MCP (Model Context Protocol) is the tool layer — how an agent discovers and invokes capabilities. "Here are the functions you can call, here are their schemas, here's what they return." Anthropic released it, and it's become the closest thing to a standard. It's Q2 infrastructure that Q4 systems build on top of.

A2A (Agent-to-Agent) is the peer layer — Google's protocol for agents talking to other agents as equals. Discovery, negotiation, task delegation. If MCP gives agents hands, A2A gives them a voice.

ACP (Agent Client Protocol) sits in between — standardizing how editors and orchestrators talk to coding agents. It's the protocol I've been using to dispatch Claude Code from my own workflow, and using it taught me something about Q4 that I wouldn't have gotten from reading the spec.

The interesting thing isn't any individual protocol. It's that they're solving different problems and the boundaries between them are the design decisions. MCP assumes a hierarchical relationship — a model calls a tool. A2A assumes a peer relationship — agents negotiate. ACP assumes an orchestration relationship — a client dispatches work and monitors progress. The topology of the relationship is the design choice.

This is what "good UX" means when both parties are machines: it means getting the relationship model right. Not the visual layout, not the information architecture — the power architecture. Who initiates? Who has authority to approve or reject? Who holds state? Who can interrupt? These are UX questions, but they look nothing like the UX questions I spent a decade answering.

I still have more questions than answers in this quadrant. But the questions have gotten more specific, and that feels like progress.

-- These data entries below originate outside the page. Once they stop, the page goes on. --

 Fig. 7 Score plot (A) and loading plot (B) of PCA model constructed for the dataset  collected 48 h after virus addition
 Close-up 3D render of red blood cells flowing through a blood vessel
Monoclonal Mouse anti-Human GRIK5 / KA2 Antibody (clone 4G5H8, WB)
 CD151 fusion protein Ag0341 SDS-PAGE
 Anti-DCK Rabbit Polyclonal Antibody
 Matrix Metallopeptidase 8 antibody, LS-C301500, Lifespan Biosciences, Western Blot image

Across all four quadrants, the same pattern keeps recurring: the interfaces that worked best were the ones with the strongest constraints. Not the best prompts, not the most detailed instructions — the tightest boundaries on what could happen.

That observation turned into a separate essay — Code Owns Truth — which develops a three-layer model: constraints bound the mutation space, prompts express intent, code is the source of truth. The designer's job is increasingly the constraint layer.

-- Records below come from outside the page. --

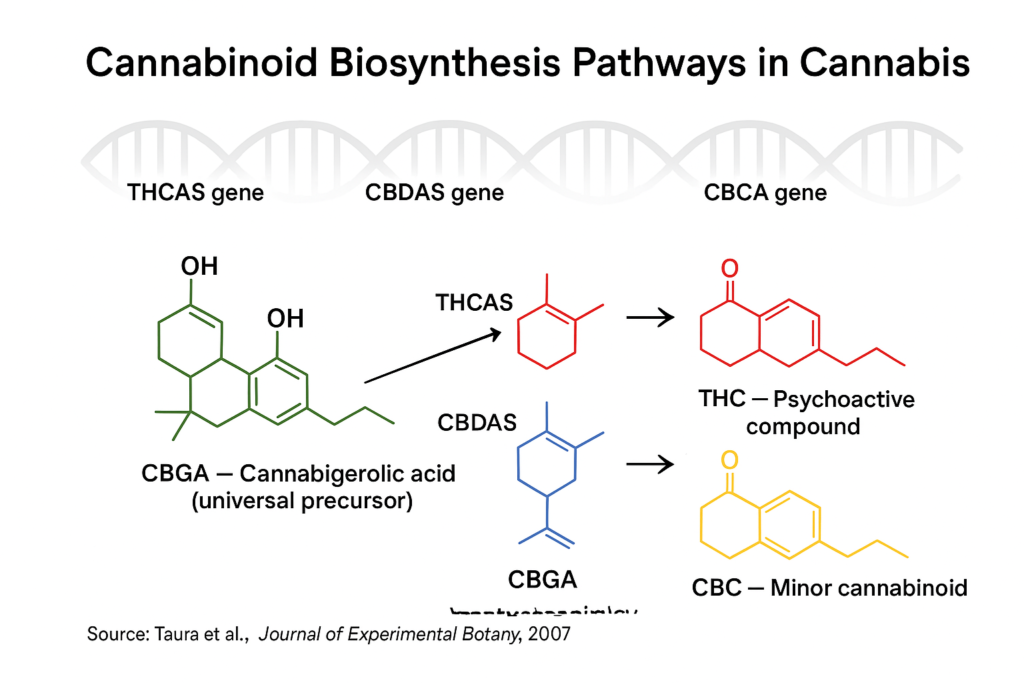 "Scientific diagram of cannabinoid biosynthesis showing CBGA as the precursor molecule converted into THC, CBD, and CBC through specific enzymes (THCAS, CBDAS, CBCA). DNA gene clusters controlling each enzyme are illustrated alongside chemical structures of the cannabinoids."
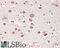 Biglycan antibody, 45-329, ProSci, Western Blot image 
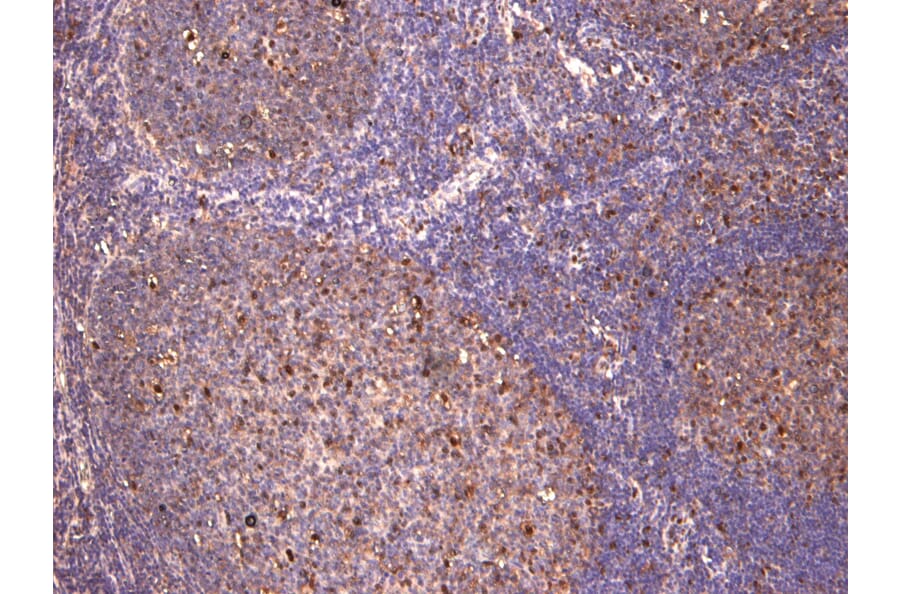 Immunohistochemistry - Anti-c-Fos Antibody (A85069) - Antibodies.com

The 2×2 is where it started. Each quadrant is a different expression of the same underlying question: who sets the constraints, and for whom?

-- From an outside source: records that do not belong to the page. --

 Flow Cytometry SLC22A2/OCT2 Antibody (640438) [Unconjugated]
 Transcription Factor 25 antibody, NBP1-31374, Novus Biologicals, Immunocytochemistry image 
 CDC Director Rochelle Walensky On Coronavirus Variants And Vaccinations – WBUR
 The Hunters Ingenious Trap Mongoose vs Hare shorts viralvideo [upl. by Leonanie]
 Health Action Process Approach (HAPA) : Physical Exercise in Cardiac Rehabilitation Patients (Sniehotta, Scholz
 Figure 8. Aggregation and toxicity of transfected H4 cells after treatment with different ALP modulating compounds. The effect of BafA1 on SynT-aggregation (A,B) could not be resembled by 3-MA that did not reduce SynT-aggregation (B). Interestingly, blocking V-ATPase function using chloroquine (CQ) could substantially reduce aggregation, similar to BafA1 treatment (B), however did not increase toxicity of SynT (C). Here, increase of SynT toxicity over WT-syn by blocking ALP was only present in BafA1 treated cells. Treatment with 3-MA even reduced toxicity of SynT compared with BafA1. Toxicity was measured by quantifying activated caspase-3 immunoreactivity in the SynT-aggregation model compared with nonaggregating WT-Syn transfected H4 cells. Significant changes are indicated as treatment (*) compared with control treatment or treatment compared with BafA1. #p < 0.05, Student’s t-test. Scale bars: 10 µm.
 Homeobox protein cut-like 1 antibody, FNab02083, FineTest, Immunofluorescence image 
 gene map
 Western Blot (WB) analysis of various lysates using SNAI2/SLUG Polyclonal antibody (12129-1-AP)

If you're designing for AI-touched systems, the first question isn't "what should this look like?" It's "which quadrant am I in?" Most teams think they're in Q1 when they're actually in Q2 or Q3. The physics are different. The principles are different. The failure modes are different.

I find that exciting and unsettling in roughly equal measure. There's real design work to do in quadrants we barely understand. The old playbook was comfortable. These new quadrants don't have playbooks yet.